The Ups and Downs of Travel in Chile

By Hannah Lussier

Before I left my cozy hometown in Western Massachusetts to travel to Viña del Mar in Central Chile, I was congratulated by many a friend and family member for my “brave” choice to study abroad in Latin America. Many times I questioned the reason for that word: brave. I wondered whether or not the sentiment originated from the depiction of South America as a land of adventure in movies like UP or from a simple lack of familiarity with the region. However, I never felt brave until I decided to travel to the end of the world.

In the opening week of March, three friends and I gathered around our laptop computers to plan a trip to the famed Torres del Paine National Park in the Patagonia region of Chile. This region is known for its stunning natural beauty and its location in the extreme south of the country. Before we booked our plane tickets, we had pored over the incredible photos of adventurers past and had been encouraged by all who we questioned to take the plunge. At the time, our only desires were to know one of the most rugged places in the world and to fill our cameras with memories. The reality was that we had almost no idea what we were getting ourselves into.
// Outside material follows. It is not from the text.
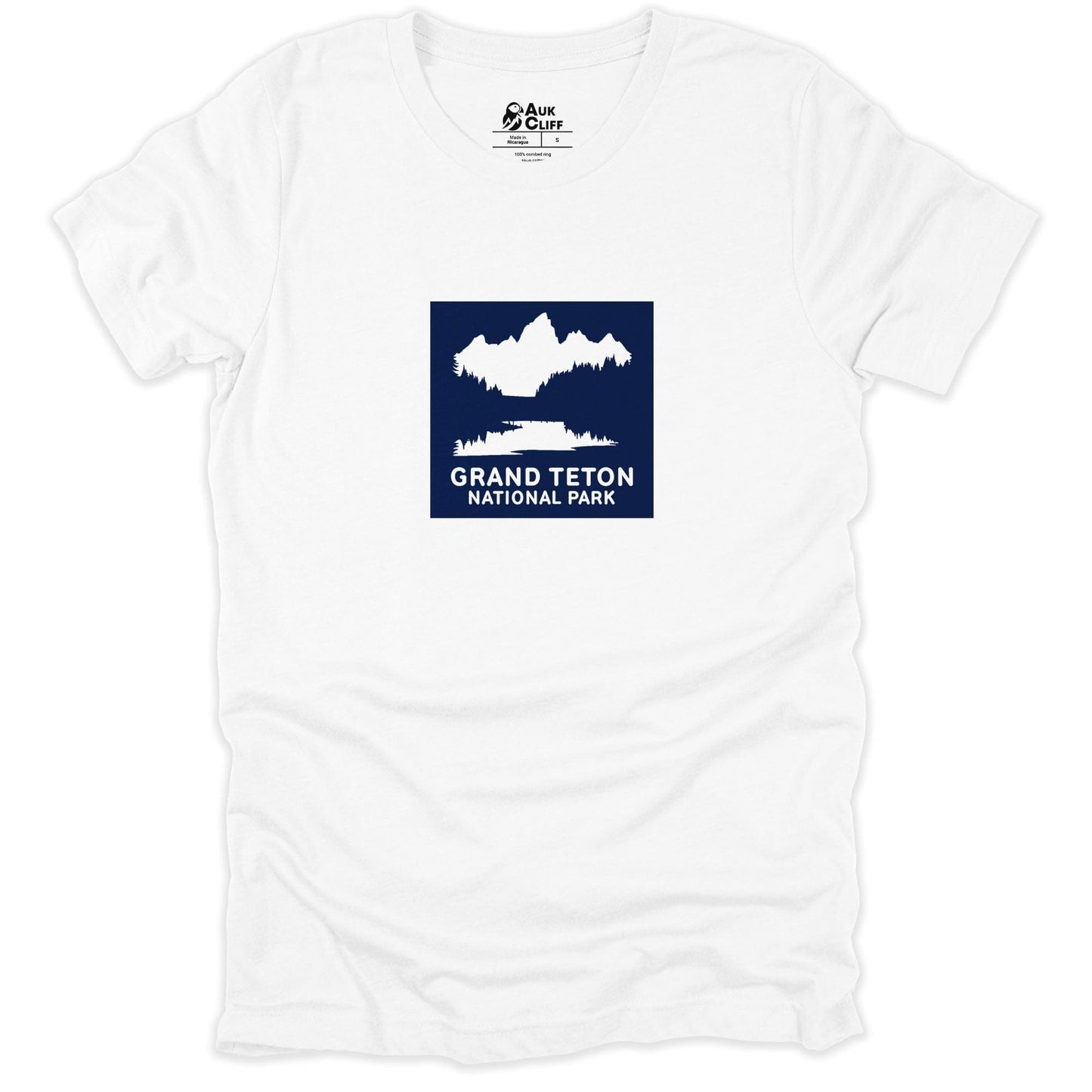 AukCliff USA National Park T-shirt White / S Grand Teton National Park Minimalist T-shirt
During the two weeks that followed we realized very suddenly the great undertaking to which we had subjected ourselves. The more research we did, the longer our list of things to complete became. One thing we noticed about traveling in Chile is that it includes a lot of ups and downs. Not only is it difficult to book plane tickets, bus tickets, and camping reservations in a country notorious for its lack of efficiency and punctuality in the workplace, it is also true that traveling in Chile requires a lot of literal movement from north to south. Due to the omnipresent topography of the Andes Mountain Range, traveling in Chile is almost never a movement from east to west but rather one from north to south. Meaning that, on our trip we would sometimes have to travel north to catch a plane south or travel south to catch a bus north.

In addition to booking transportation and lodging, a major necessity for hiking in Torres del Paine is all-weather hiking gear. Having never camped in true wilderness or hiked for more than a few hours, it was obvious that I needed to buy a few things to brave the elements. In doing so, I learned almost all of the many ways you can die while camping. Whether it be dehydration, hypothermia or the tragic result of a really strong gust of wind, I tried my best to prepare for it all. It was a bit expensive but as the Chileans say “vale la pena” or “it was worth the pain.”

Soon, my friends and I will leave for our big Chilean adventure. I cannot wait to share all of the wonderful stories I will be sure to have upon my return. If everything goes well I will still be “brave” enough to tell the tale.